Starlink's home satellite dish receiver.

In addition to commercial airliners, Starlink had previously announced a similar deal with charter air service JSX. And for those who don’t fly, Starlink also competes against DSL, cable, and fiber broadband providers to bring satellite internet into the home. To date, the company counts approximately 250,000 land-based subscribers to its satellite service and expects to enroll more than 40 million subscribers by 2025. SpaceX and Starlink have been rapidly deploying satellites to add more coverage, and are currently seeking Federal Communications Commission (FCC) clearance to deploy another 30,000 satellites.

The company’s recent efforts to turn on satellite service in Ukraine to help the country access the internet during its war with Russia had enabled Elon Musk’s startup to enjoy some goodwill, though some of that was depleted after newly unveiled price hikes were announced that would increase the cost of home service from $99 to $119 per month.

SpaceX promises speeds of at least 200Mbps for home users, though specifics about speeds and access were not revealed for Starlink’s in-flight service.
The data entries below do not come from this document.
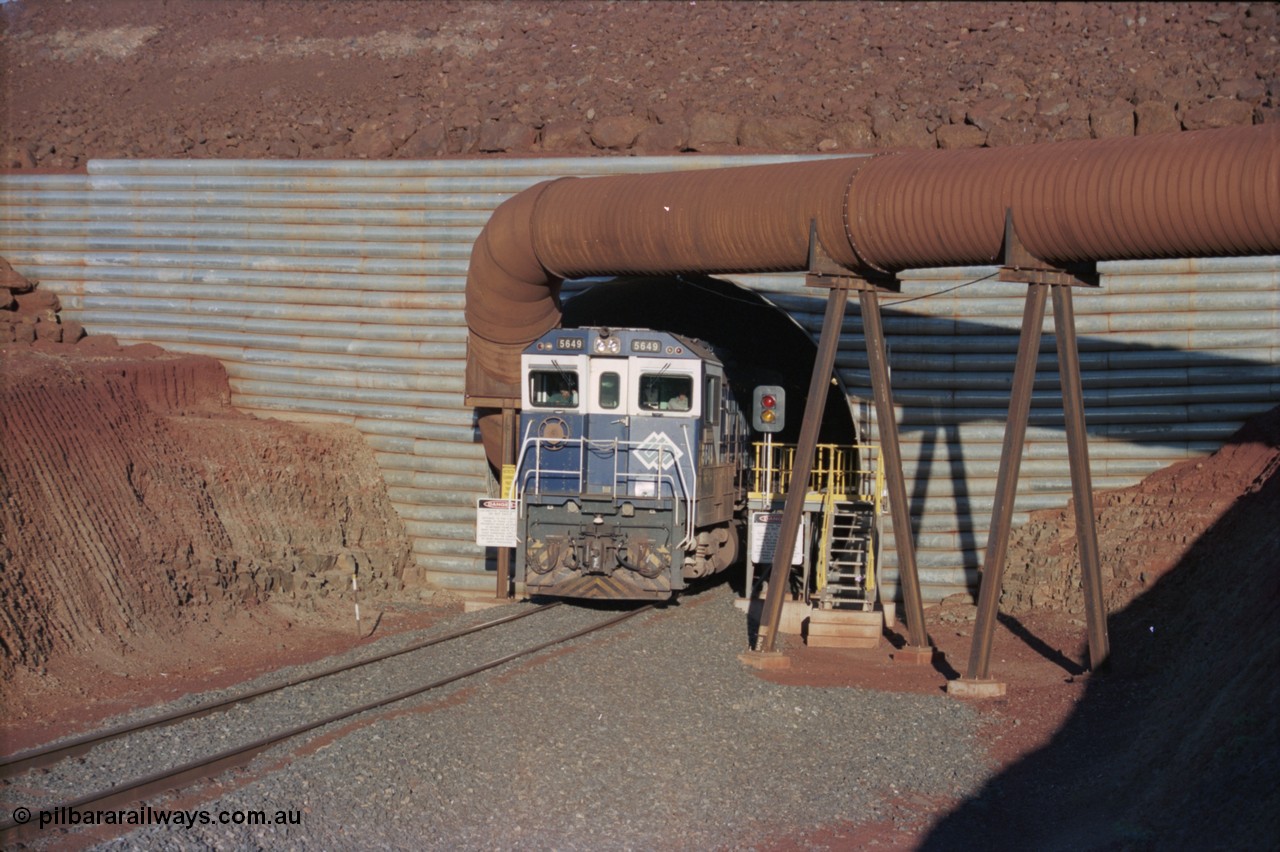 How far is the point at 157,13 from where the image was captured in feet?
146

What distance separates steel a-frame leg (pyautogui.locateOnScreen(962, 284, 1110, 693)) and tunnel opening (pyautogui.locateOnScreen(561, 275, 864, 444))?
7147 millimetres

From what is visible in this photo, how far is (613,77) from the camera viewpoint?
106 feet

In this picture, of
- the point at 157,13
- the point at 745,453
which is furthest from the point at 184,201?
the point at 157,13

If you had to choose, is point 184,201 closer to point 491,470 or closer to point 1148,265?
point 491,470

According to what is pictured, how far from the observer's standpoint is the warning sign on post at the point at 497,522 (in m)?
18.2

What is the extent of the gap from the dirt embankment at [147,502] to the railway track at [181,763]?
289 cm

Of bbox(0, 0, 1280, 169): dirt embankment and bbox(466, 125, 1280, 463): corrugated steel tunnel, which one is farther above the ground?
bbox(0, 0, 1280, 169): dirt embankment

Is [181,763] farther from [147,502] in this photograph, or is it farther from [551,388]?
[551,388]

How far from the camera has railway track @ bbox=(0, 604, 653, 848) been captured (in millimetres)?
9906

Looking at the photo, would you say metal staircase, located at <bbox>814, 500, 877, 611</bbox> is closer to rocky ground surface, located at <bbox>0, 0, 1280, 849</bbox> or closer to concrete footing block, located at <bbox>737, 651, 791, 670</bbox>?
rocky ground surface, located at <bbox>0, 0, 1280, 849</bbox>

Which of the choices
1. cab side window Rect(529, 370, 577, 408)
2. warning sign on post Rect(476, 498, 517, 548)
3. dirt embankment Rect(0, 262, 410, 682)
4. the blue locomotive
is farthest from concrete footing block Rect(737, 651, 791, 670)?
dirt embankment Rect(0, 262, 410, 682)

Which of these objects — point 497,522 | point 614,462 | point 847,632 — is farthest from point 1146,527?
point 497,522

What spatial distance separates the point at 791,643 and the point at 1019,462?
5.02 metres

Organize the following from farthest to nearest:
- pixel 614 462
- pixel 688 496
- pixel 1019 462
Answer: pixel 614 462 → pixel 688 496 → pixel 1019 462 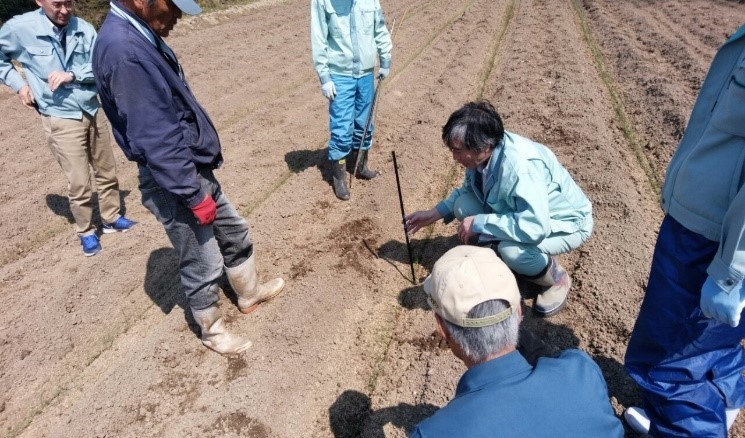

Gogo’s satellite network delivers speeds of approximately 15Mbps, by comparison, in the air.

Any equipment used to connect an aircraft to Starlink’s satellites will require Federal Aviation Administration approval. Starlink has received FCC permission to test its equipment onboard airliners. Hawaiian Airlines expects that Starlink’s equipment will be on board select aircraft by next year, The Verge reported.

Faster internet access on flights where speeds could someday rival your home broadband service will open up the doors to more users and more uses in the sky. Streaming your favorite shows on services like Hulu and Netflix from the sky will one day become a reality. Even if Starlink doesn’t expand beyond a select few airliners, the company’s aggressive presence in the space could force rivals to innovate and deliver better in-flight service.